AIM OF THE EXERCISE » Every line of the data should be written out exactly, with the pictures left out.

GIVEN ENTRIES »
--- START ---
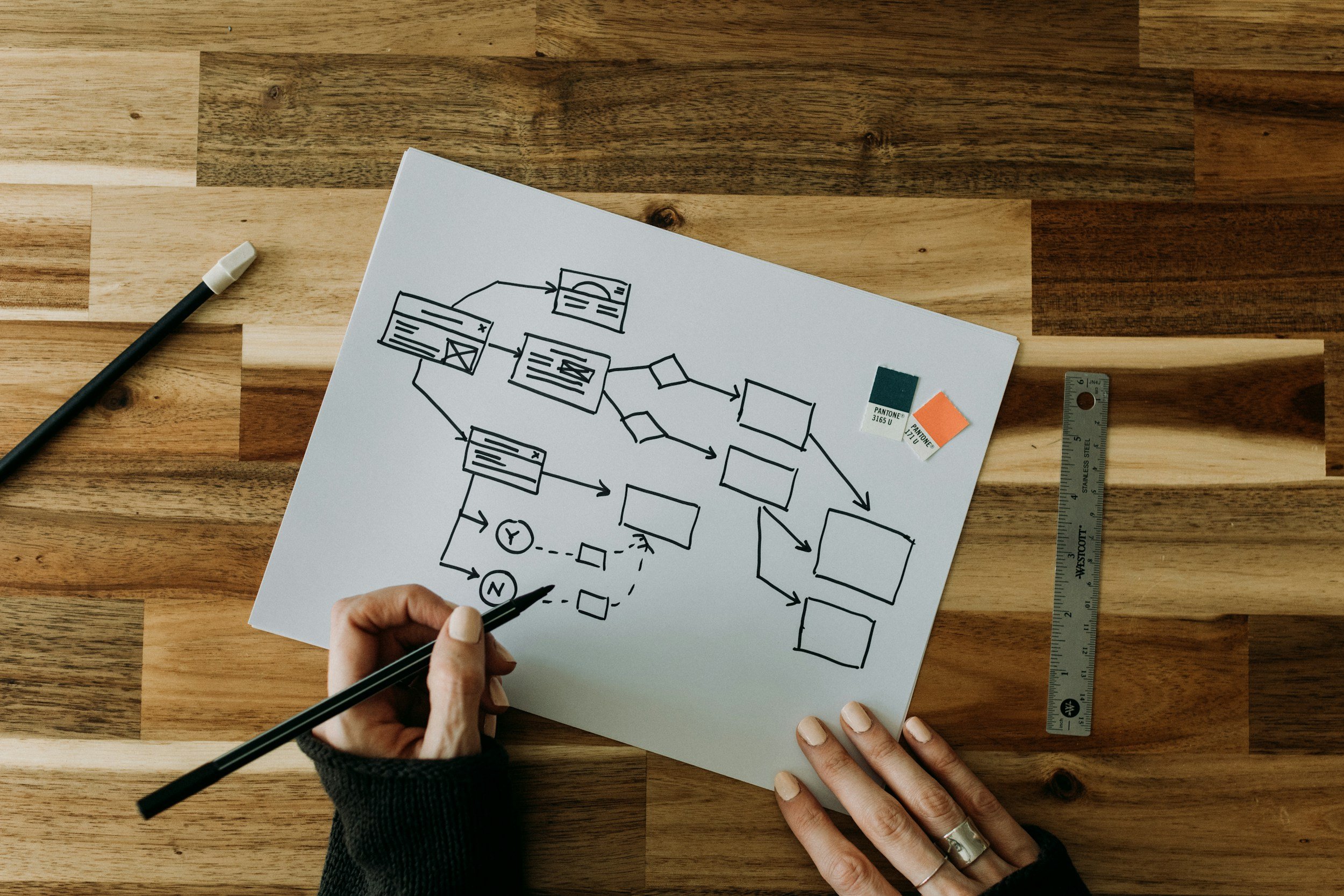 Hands of a person drawing a flowchart on a white sheet of paper on a wooden table, with markers and a ruler nearby.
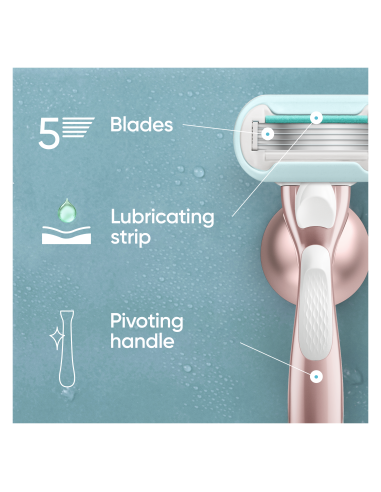 Gillette Venus Deluxe Smooth Sensitive Rosegold...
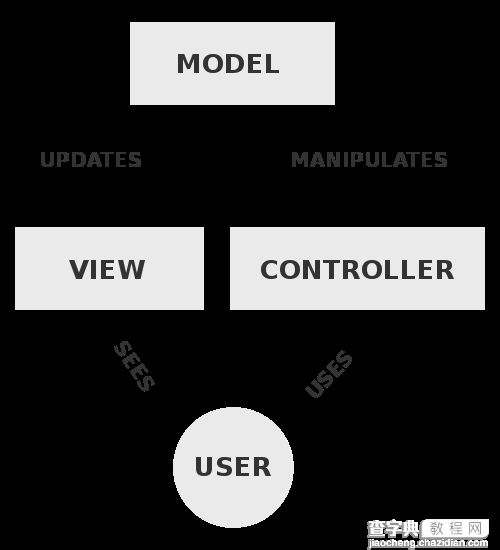 深入理解JavaScript的React框架的原理1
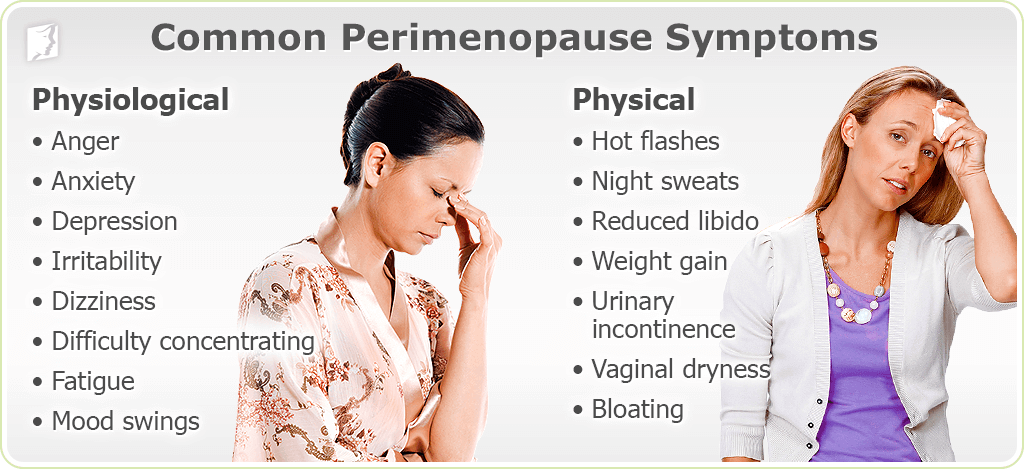 It is a time in every woman's life when her menstrual period is permanently ceased and she can no longer get pregnant. When a woman have 12 consecutive months without menstrual periods this means that she has hit menopause.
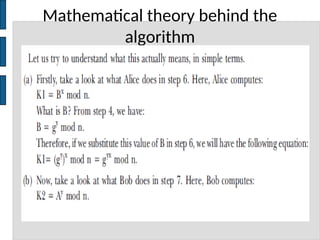 Mathematical theory behind the
algorithm
 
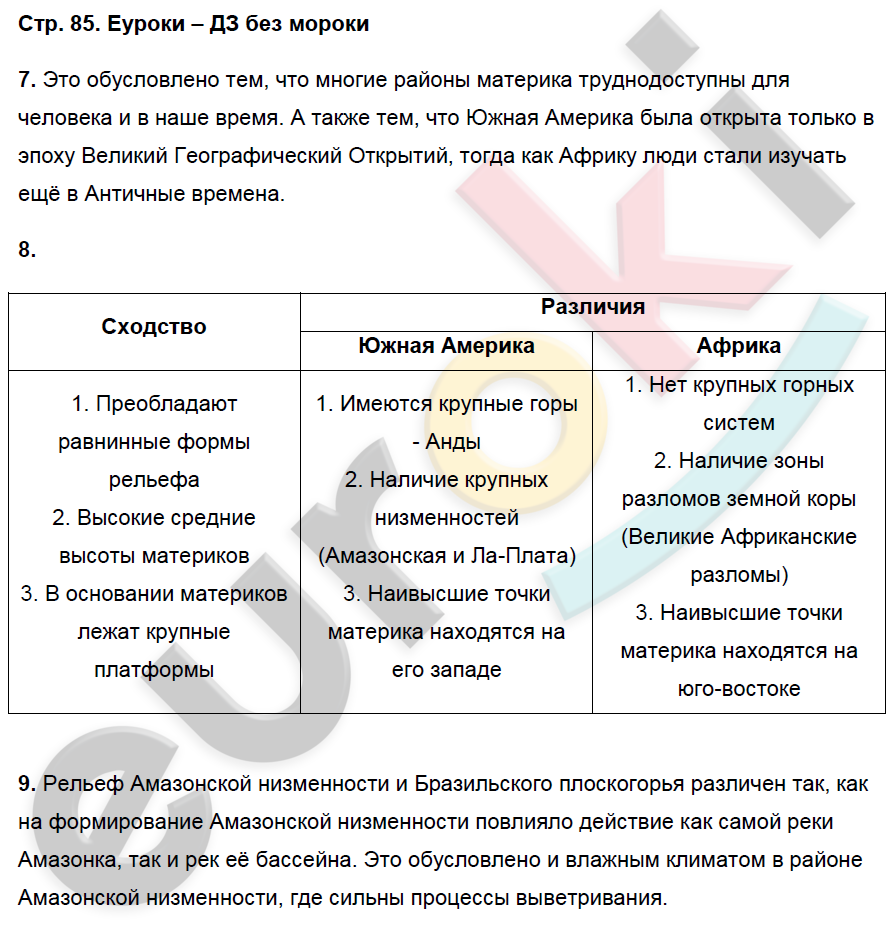 Рабочая тетрадь по географии 7 класс. ФГОС Душина (Материки) Страница 85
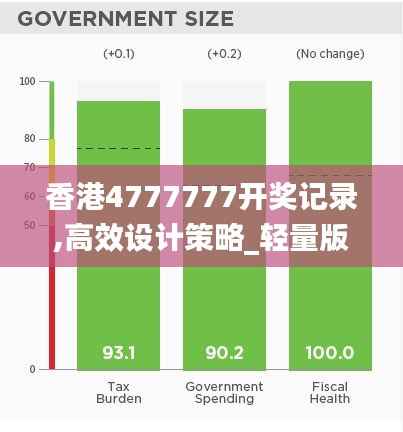 香港4777777开奖记录,高效设计策略_轻量版57.902-7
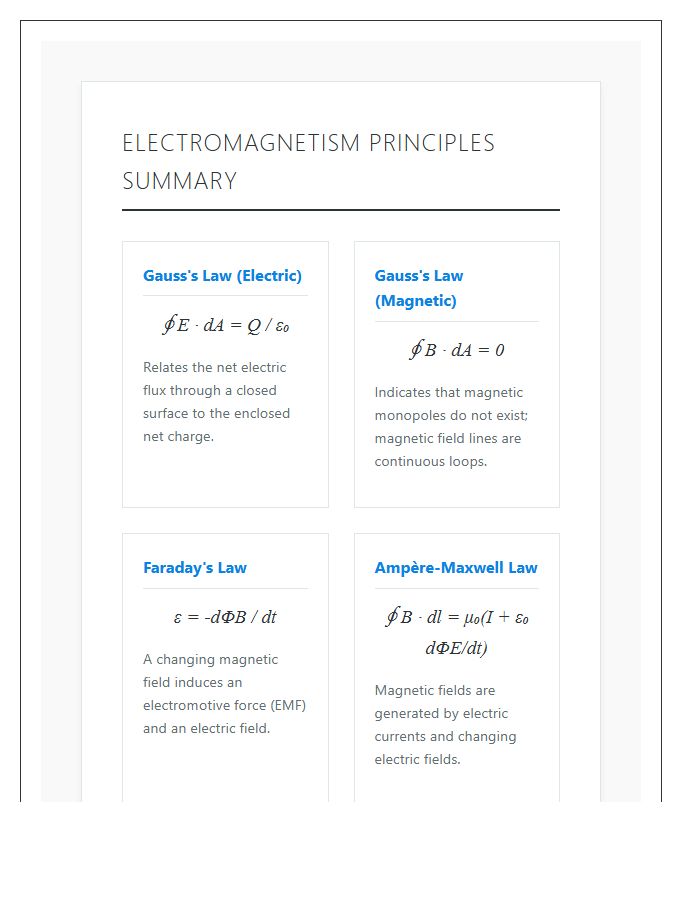 Electromagnetism Principles Summary Printable Chart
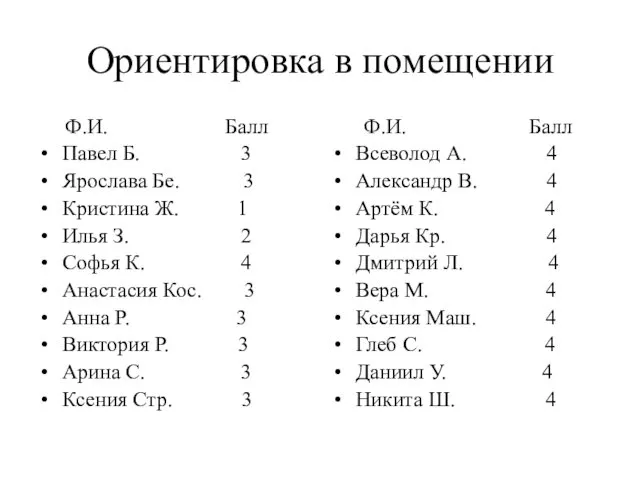 Ориентировка в помещении Ф.И. Балл Павел Б. 3 Ярослава Бе. 3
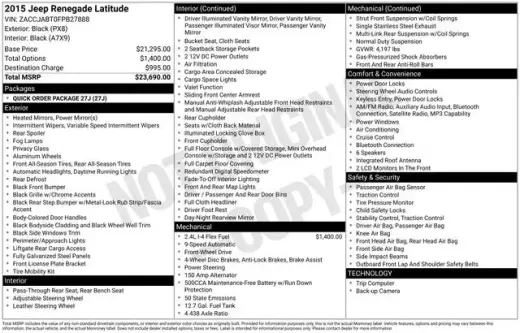 Jeep Renegade 2015 Latitude 4dr SUV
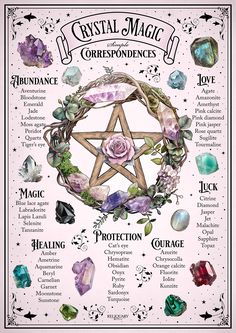 Elevate your magical space with our crystal witch wall art! Featuring beautiful, illustrations and crystal correspondences to enhance your magical practice. Perfect for witchy décor, spellcasting, and meditation. Let your inner crystal witch shine!✨⚡️🌙 Crystal Book Of Shadows Page, Witch Correspondence Chart, Crystals Uses Witchcraft, Nordic Witchcraft, Crystal Correspondences, Witchy Projects, Witchy Illustration, Which Aesthetic, Magical Correspondences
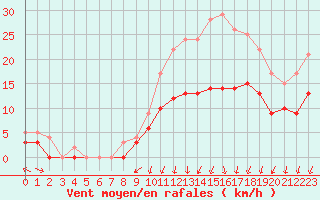 Courbe de la force du vent pour Creil (60)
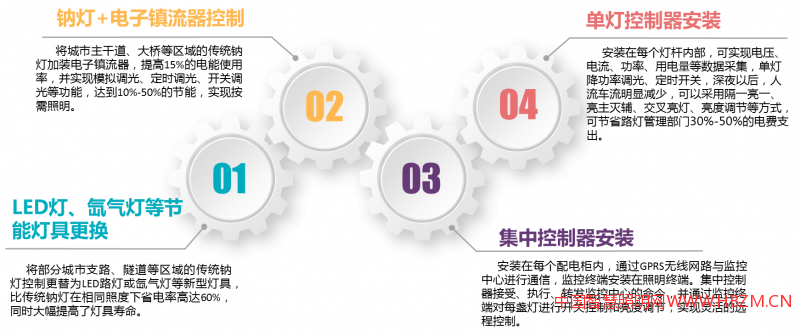 智慧照明新秀山東凌寶電氣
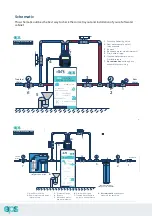 Preview for 4 page of EPS eSoft Pro Installation Manual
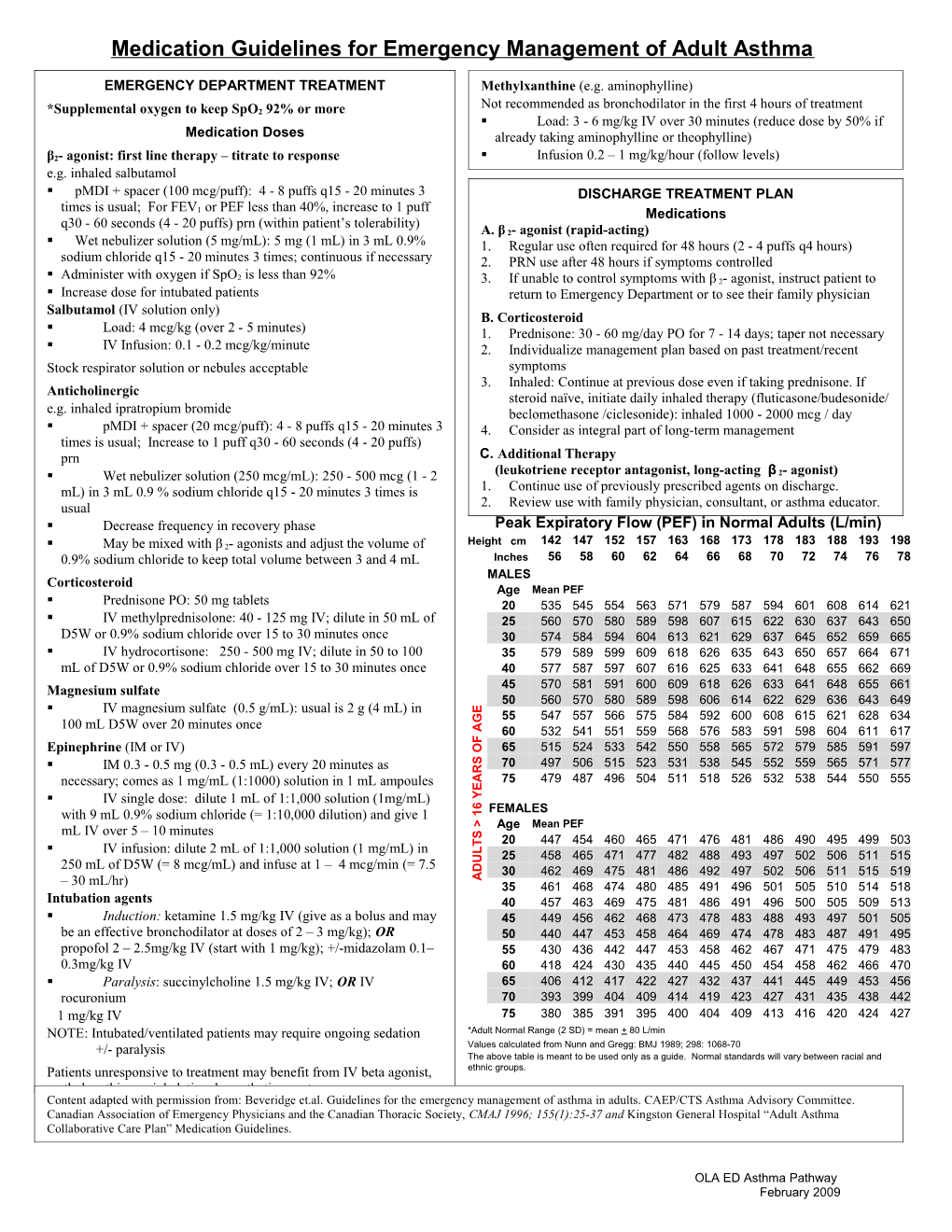 Medication Guidelines for Emergency Management of Adult Asthma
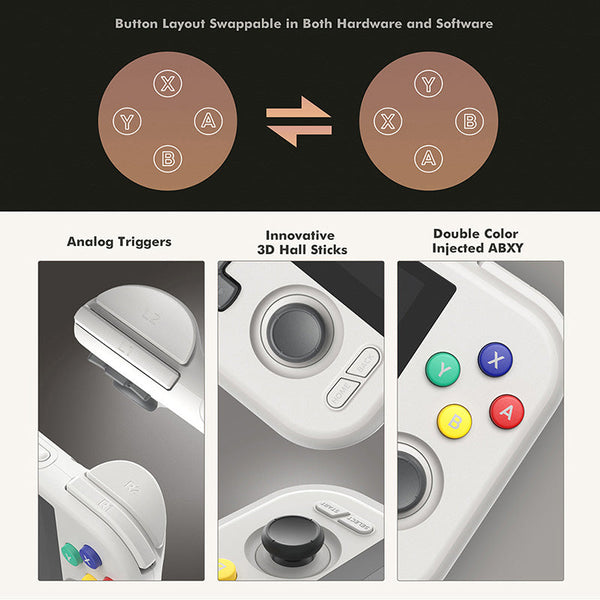 Retroid Pocket 4 Pro Touchscreen Game Console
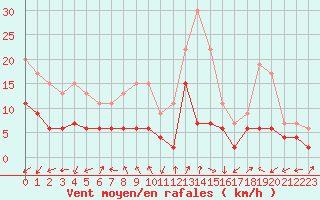 Courbe de la force du vent pour Grenoble/agglo Le Versoud (38)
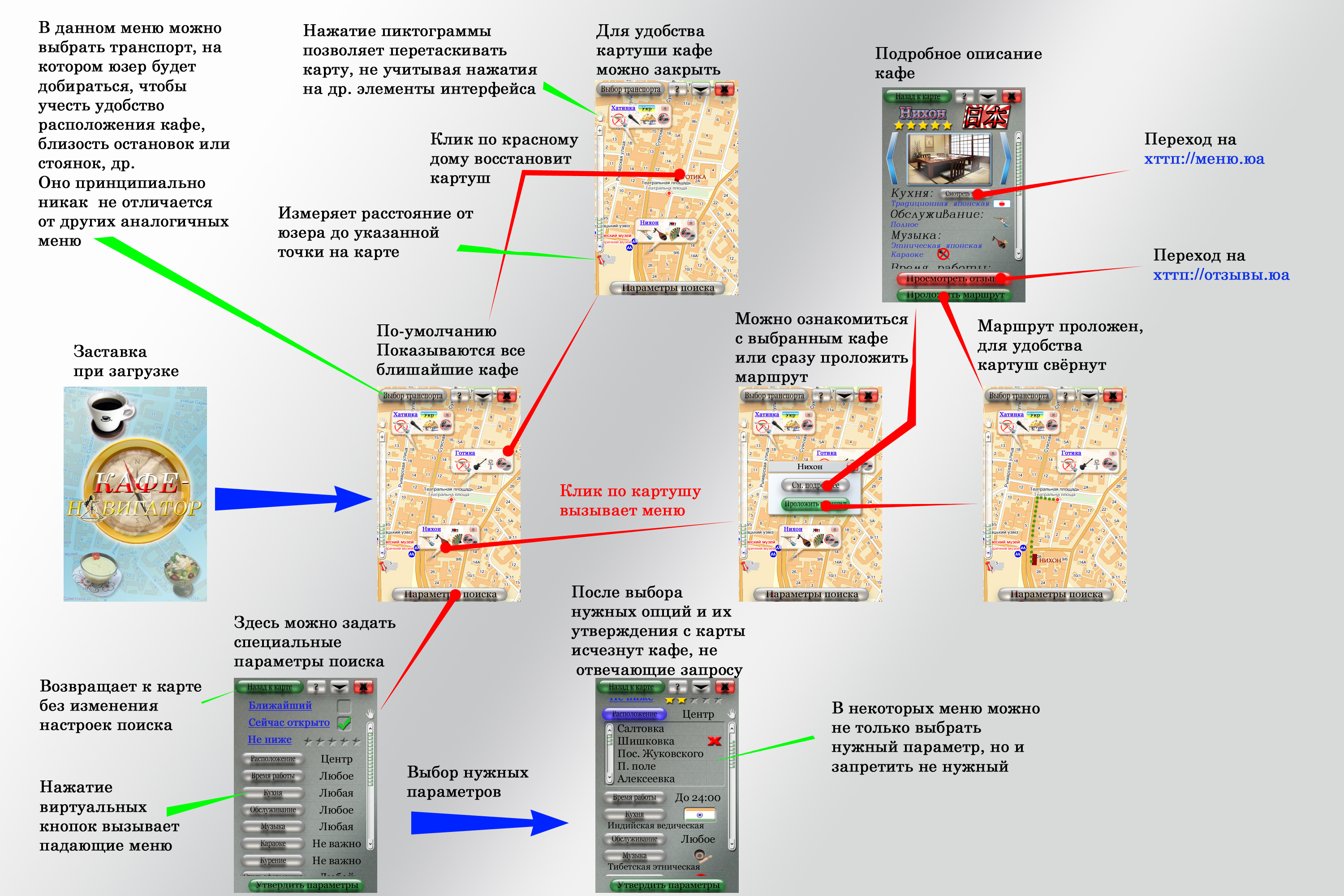 Концепт дизайна, алгоритма работы навигатора для iPhone. Photoshop CS5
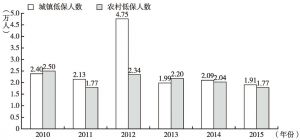 图1 2010～2015年北京市享受最低生活保障的城乡残疾人数量统计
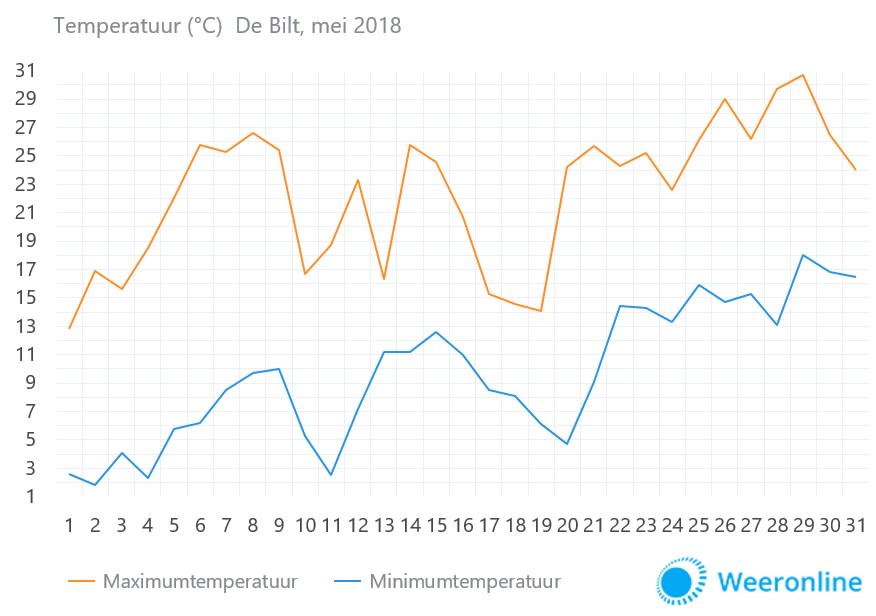 Temperatuur-De-Bilt-mei-2018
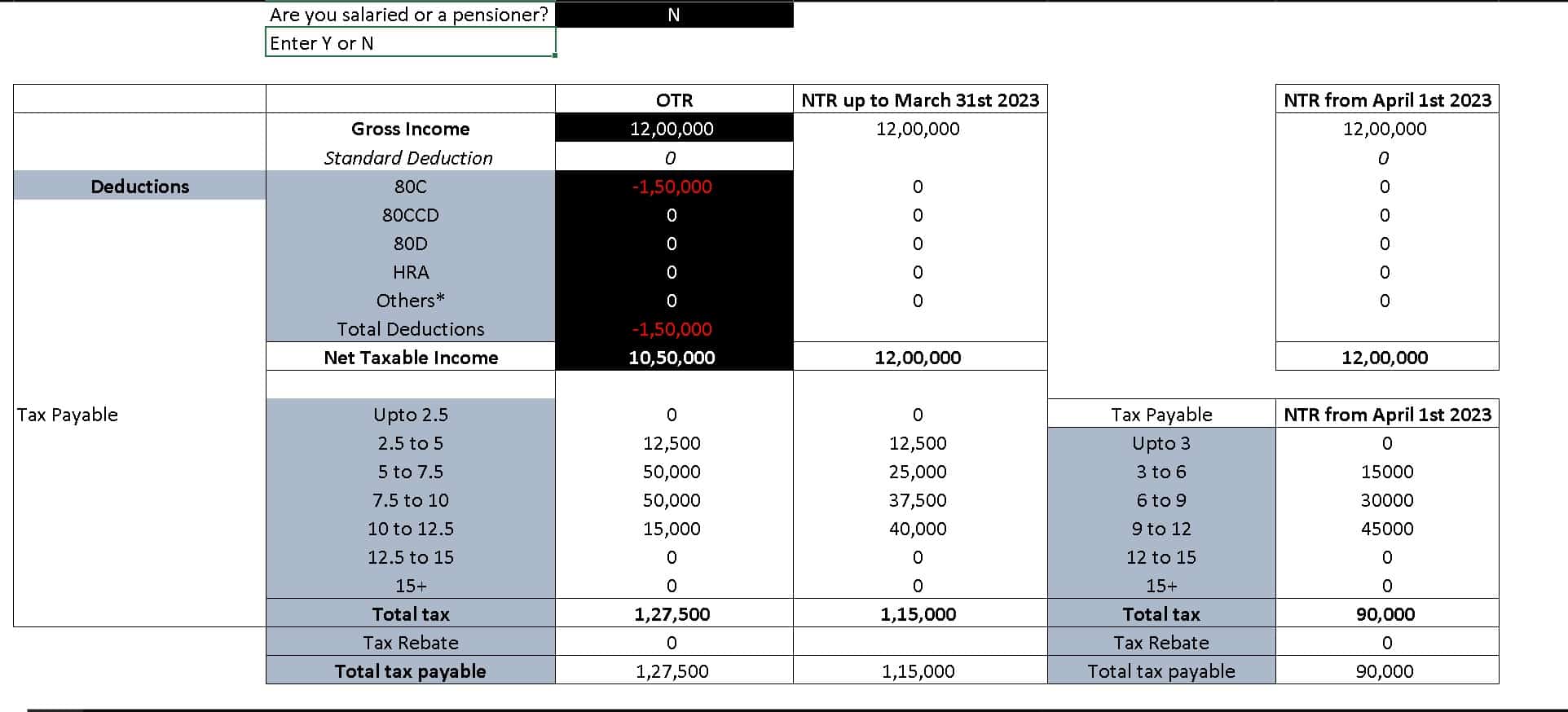 Screenshot of new tax regime vs old tax regime comparison table Screenshot of new tax regime vs old tax regime comparison table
--- END ---
OUTPUT OF THE EXERCISE »
 Hands of a person drawing a flowchart on a white sheet of paper on a wooden table, with markers and a ruler nearby.
 Gillette Venus Deluxe Smooth Sensitive Rosegold...
 深入理解JavaScript的React框架的原理1
 It is a time in every woman's life when her menstrual period is permanently ceased and she can no longer get pregnant. When a woman have 12 consecutive months without menstrual periods this means that she has hit menopause.
 Mathematical theory behind the
algorithm
 
 Рабочая тетрадь по географии 7 класс. ФГОС Душина (Материки) Страница 85
 香港4777777开奖记录,高效设计策略_轻量版57.902-7
 Electromagnetism Principles Summary Printable Chart
 Ориентировка в помещении Ф.И. Балл Павел Б. 3 Ярослава Бе. 3
 Jeep Renegade 2015 Latitude 4dr SUV
 Elevate your magical space with our crystal witch wall art! Featuring beautiful, illustrations and crystal correspondences to enhance your magical practice. Perfect for witchy décor, spellcasting, and meditation. Let your inner crystal witch shine!✨⚡️🌙 Crystal Book Of Shadows Page, Witch Correspondence Chart, Crystals Uses Witchcraft, Nordic Witchcraft, Crystal Correspondences, Witchy Projects, Witchy Illustration, Which Aesthetic, Magical Correspondences
 Courbe de la force du vent pour Creil (60)
 智慧照明新秀山東凌寶電氣
 Preview for 4 page of EPS eSoft Pro Installation Manual
 Medication Guidelines for Emergency Management of Adult Asthma
 Retroid Pocket 4 Pro Touchscreen Game Console
 Courbe de la force du vent pour Grenoble/agglo Le Versoud (38)
 Концепт дизайна, алгоритма работы навигатора для iPhone. Photoshop CS5
 图1 2010～2015年北京市享受最低生活保障的城乡残疾人数量统计
 Temperatuur-De-Bilt-mei-2018
 Screenshot of new tax regime vs old tax regime comparison table Screenshot of new tax regime vs old tax regime comparison table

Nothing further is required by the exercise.